August 20, 2016 by Lyn
an Inventrix Guest Story, Part the Second
Addergoole, Year 25
Hell Night Saturday
Sigruko frowned out into the dimly red-lit hallway. From the look of it, the school had lost power and was on emergency back-ups, but… She glanced back into her room. Her lights all were working as normal, so they did still have electricity. It was possible the school turned off the hall lights at night, but looking at her clock, it was definitely morning. They would’ve turned them on again by then.

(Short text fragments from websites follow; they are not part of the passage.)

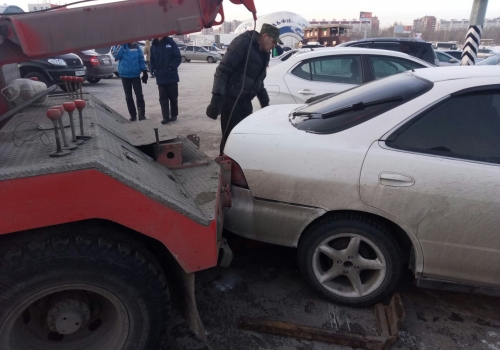 В Омске приехавший за машиной эвакуатор сам врезался в нее 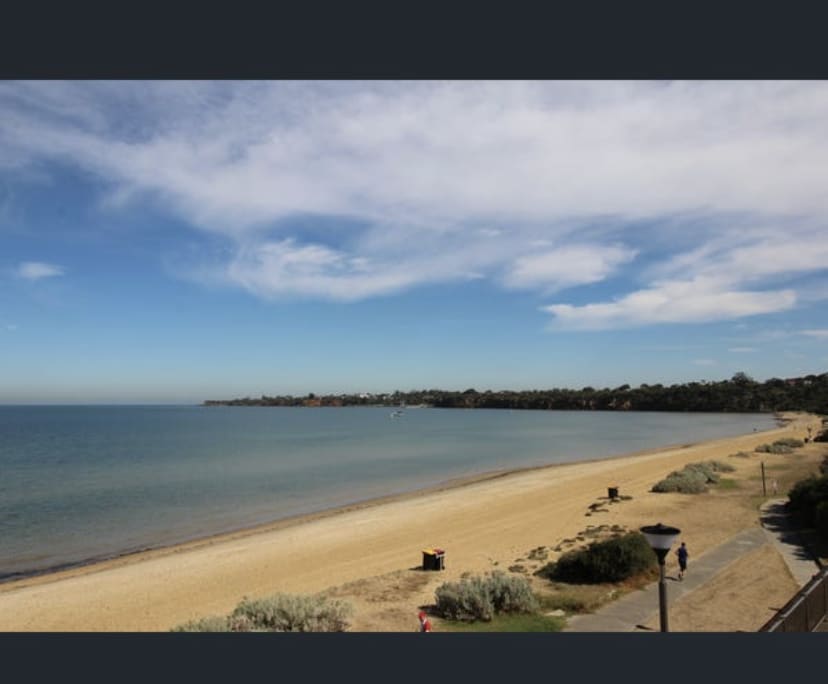 Room for Rent in Mentone, Melbourne 300, Furnishe...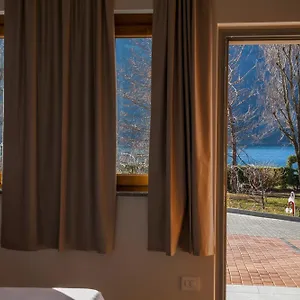 https://albergo-la-romanella.it-lombardy.com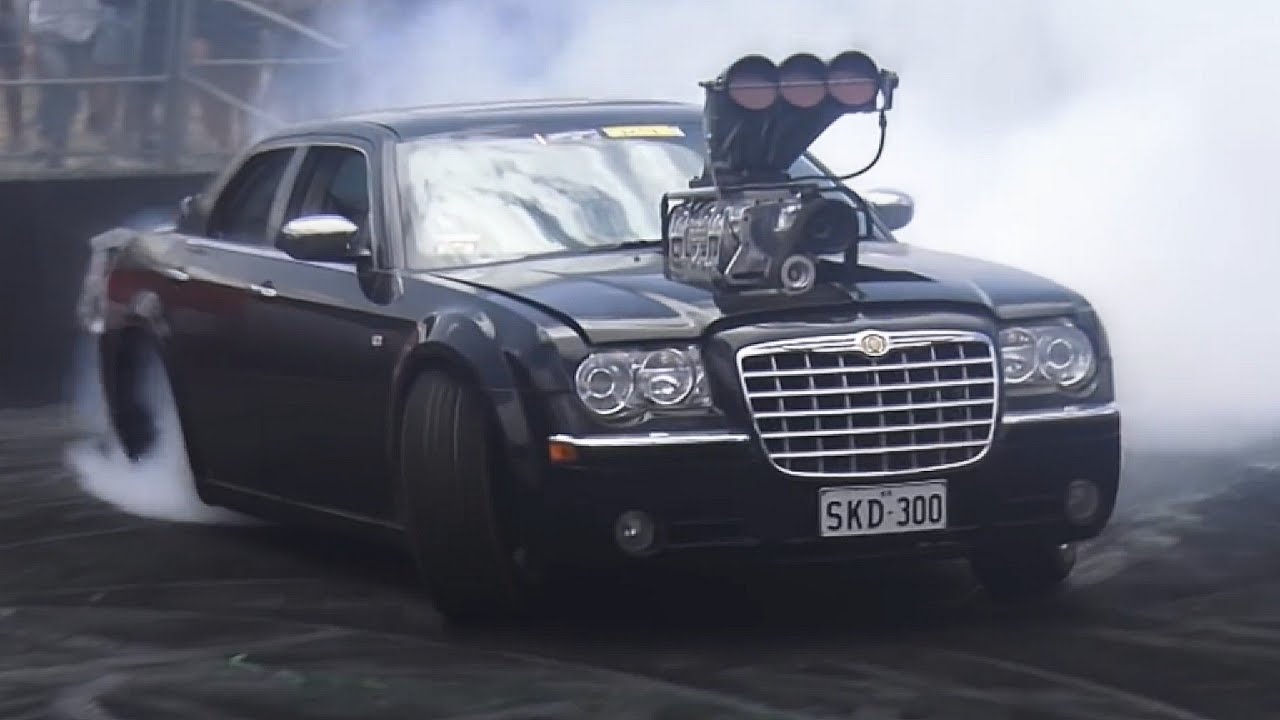 CHRYSLER 300C, SRT DRIFT & BURNOUT 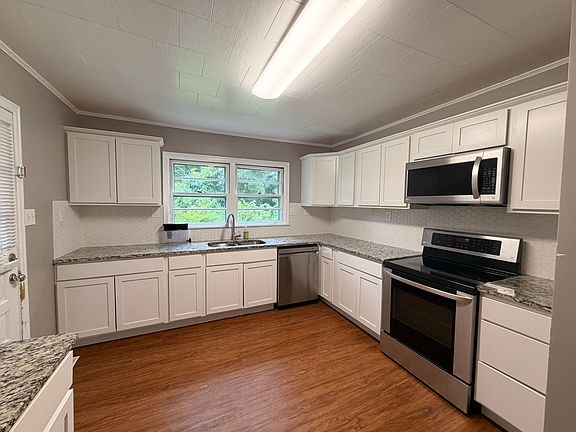 3rd image of 102 Maple St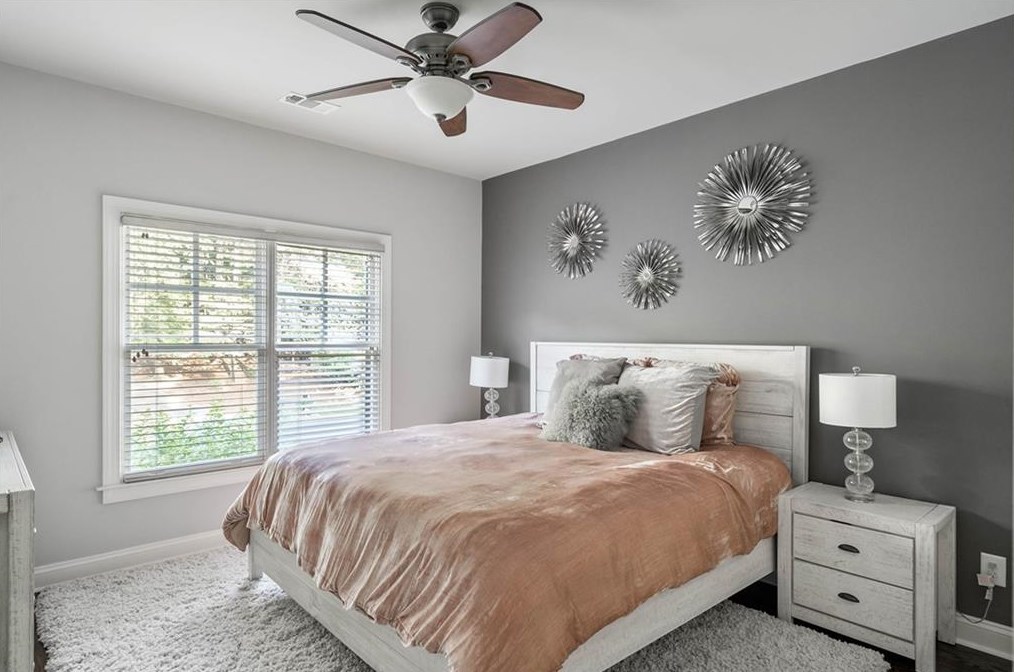 5514 Sherrell Dr, Atlanta GA 30342-1305 exterior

As she stood in her doorway puzzling over the situation, a distant shriek echoed through the halls. Sigruko hesitated a brief moment longer before stepping back into her room and closing the door. She couldn’t stay in here all day, but something strange was obviously going on. Her father’s advice… well, he’d probably just charge in, or remind her to bring a weapon. Aunt Cya, on the other hand: she would have a plan. Several plans, even. And having a plan was always a good idea, so Sigruko sat down and thought.
When she finally stepped out of her room, it was with two concealed knives, a mental map of the halls and a confident attitude. The route she was going to try might not be the shortest, but it had the least opportunities for surprise ambushes from one of the dozens of unnecessary alcoves.

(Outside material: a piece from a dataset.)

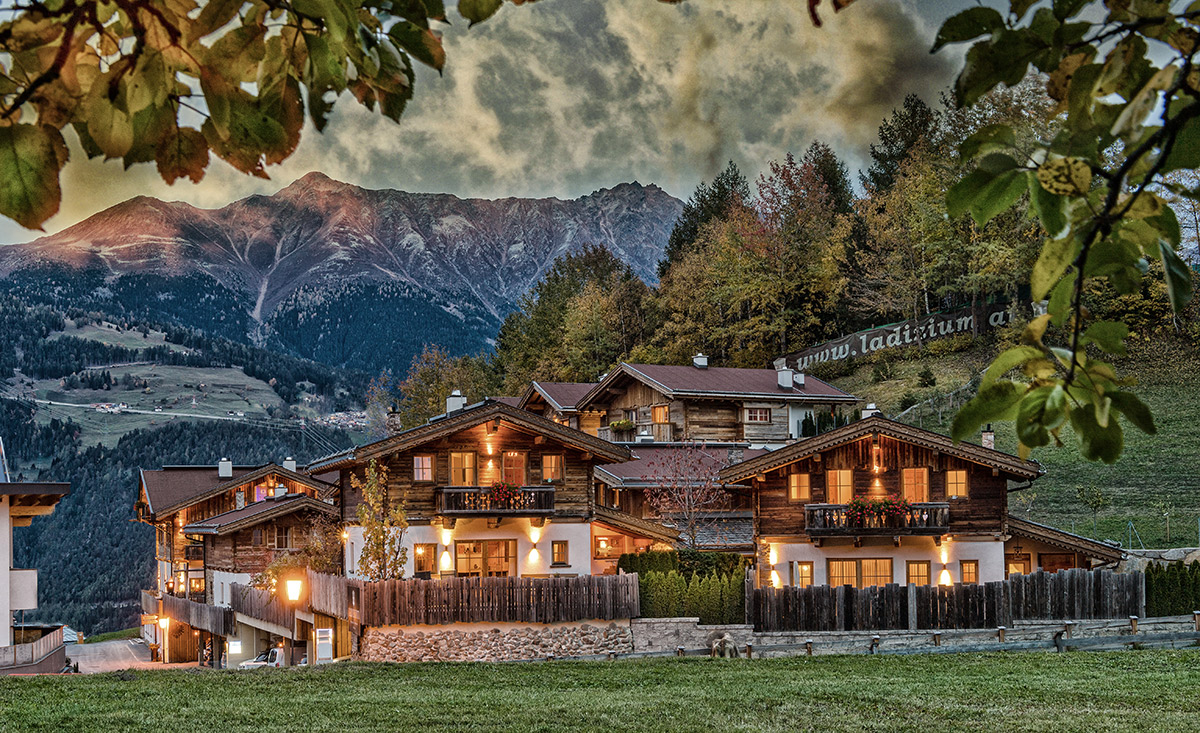 Urlaub im Hüttendorf Ladizium in Ladis in Tirol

The one thing she wasn’t sure about was the stairs. She’d opted to go for the farthest from the cafeteria instead of the closest; if she was going to place a random ambush in a stairwell, she’d pick the one most people would take. Hopefully if anyone was planning ambushes, they did too.
As a last resort, if something looked like it was going to be a problem, she could backtrack and take a different hall. Assuming she managed to avoid getting lost.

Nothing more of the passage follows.